Brasília e Nova York – O presidente dos Estados Unidos, Donald Trump, surpreendeu ao indicar a possibilidade de um encontro com Luiz Inácio Lula da Silva (PT) para a próxima semana. A declaração foi feita na terça-feira (23/9), durante a Assembleia Geral da Organização das Nações Unidas (ONU). Mesmo com esse gesto, especialistas consultados pelo Metrópoles ressaltam que a situação entre os dois países ainda é incerta, especialmente devido às tarifas de 50% impostas pelo governo norte-americano.
Espera-se que o encontro entre Lula e Donald Trump ocorra na próxima semana, possivelmente por telefone ou videoconferência, considerando a agenda do presidente brasileiro. O chefe do Palácio do Planalto permanece nos Estados Unidos até quarta-feira (24/9), ocasião em que participará do evento “Em Defesa da Democracia”.

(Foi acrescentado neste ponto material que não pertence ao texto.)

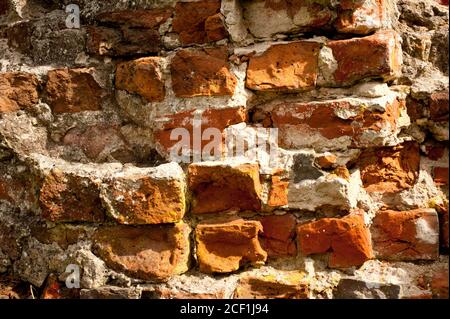 Ruines du château de Szubin (Pologne) Banque D'Images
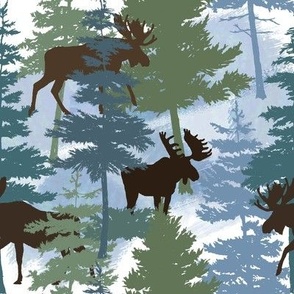 Moose in Winter Forest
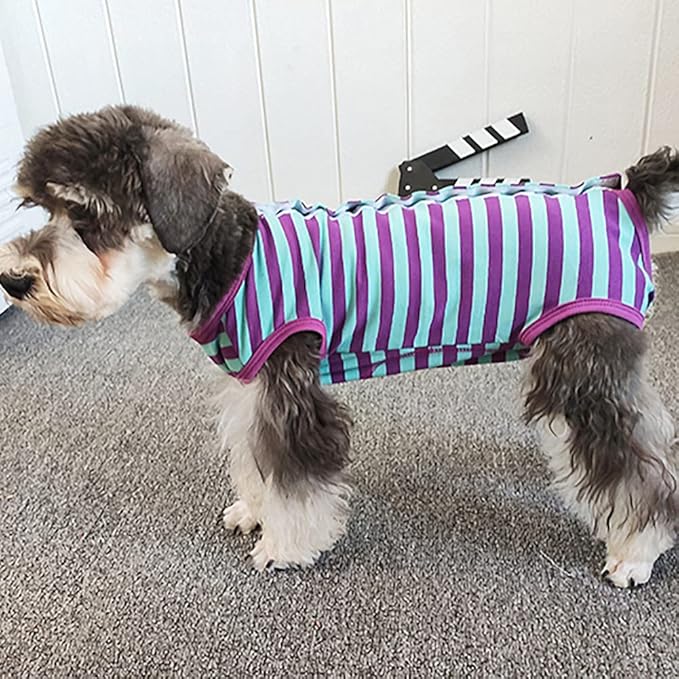 Dog’s Recovery Suit Post Surgery Shirt for Puppy, Wound Protective Clothes for Little Animals(Purple Blue Stripe-xs)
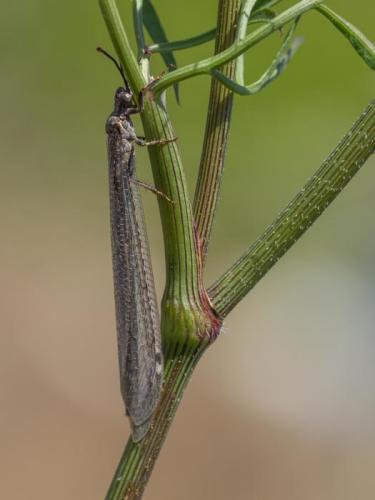 Réf. 263 664 : Creoleon lugdunensis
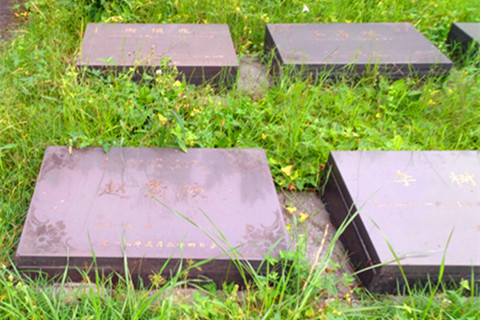 西安市霸陵墓园生态葬介绍及价格参考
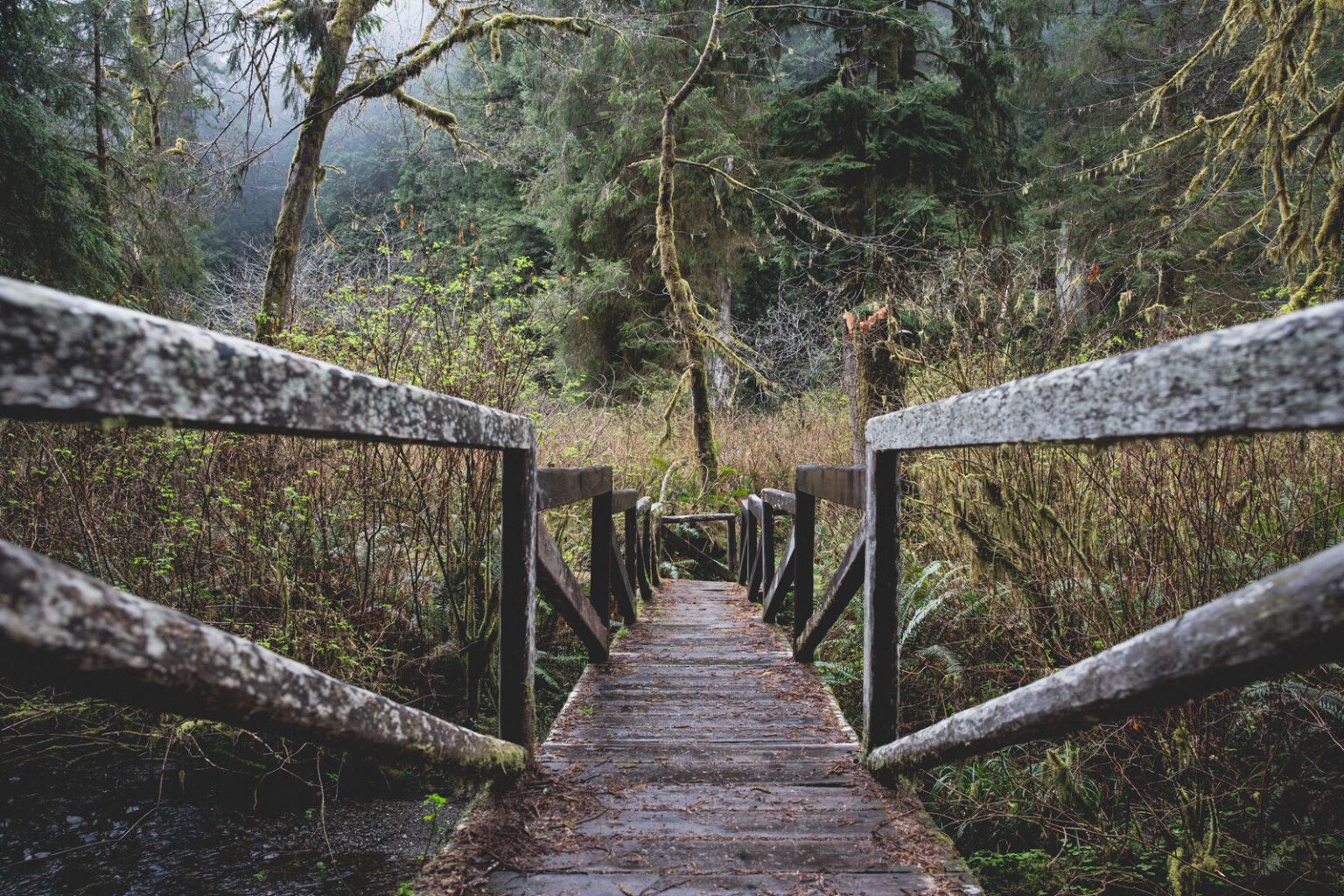 bolfo_0010s_0002_Redwood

Trump comentou: “Nós nos vimos, eu o vi. Ele me viu e nos abraçamos. Então eu disse: ‘Você acredita que vou falar em apenas dois minutos?’ Na verdade, combinamos de nos encontrar na próxima semana. Não tivemos muito tempo para conversar, uns vinte segundos e pouco, para ser exato.”
Tarifas dos Estados Unidos
Em abril, o presidente Donald Trump estabeleceu uma tarifa padrão de 10% para produtos importados da América Latina. Posteriormente, em julho, elevou essa taxa para 50%, direcionada apenas aos produtos brasileiros.
Em resposta, Lula anunciou que o Brasil utilizará a Lei da Reciprocidade Econômica para reagir à sobretaxa. Os Estados Unidos justificam essas tarifas como retaliação a uma suposta perseguição ao ex-presidente Jair Bolsonaro.
Em 2024, os Estados Unidos foram o segundo maior parceiro comercial do Brasil, com exportações de aproximadamente US$ 40,3 bilhões e importações em torno de US$ 40,6 bilhões.
Para apoiar os setores impactados, o governo brasileiro lançou o Plano Brasil Soberano, estruturado em três pilares: setor produtivo, proteção ao trabalho e diplomacia comercial. O plano inclui R$ 30 bilhões em linhas de crédito do Fundo Garantidor de Exportações, enfatizando pequenas e médias empresas que dependem do mercado americano, com a condição de manter os empregos.
Contexto político e impactos
Trump aplicou a tarifa de 50% devido ao que chamou de “caça às bruxas” contra o ex-presidente Jair Bolsonaro, que enfrenta processos judiciais. O presidente norte-americano chegou a mencionar a condenação do ex-chefe do Executivo a 27 anos e três meses de prisão, relacionada a um plano para impedir a posse de Lula.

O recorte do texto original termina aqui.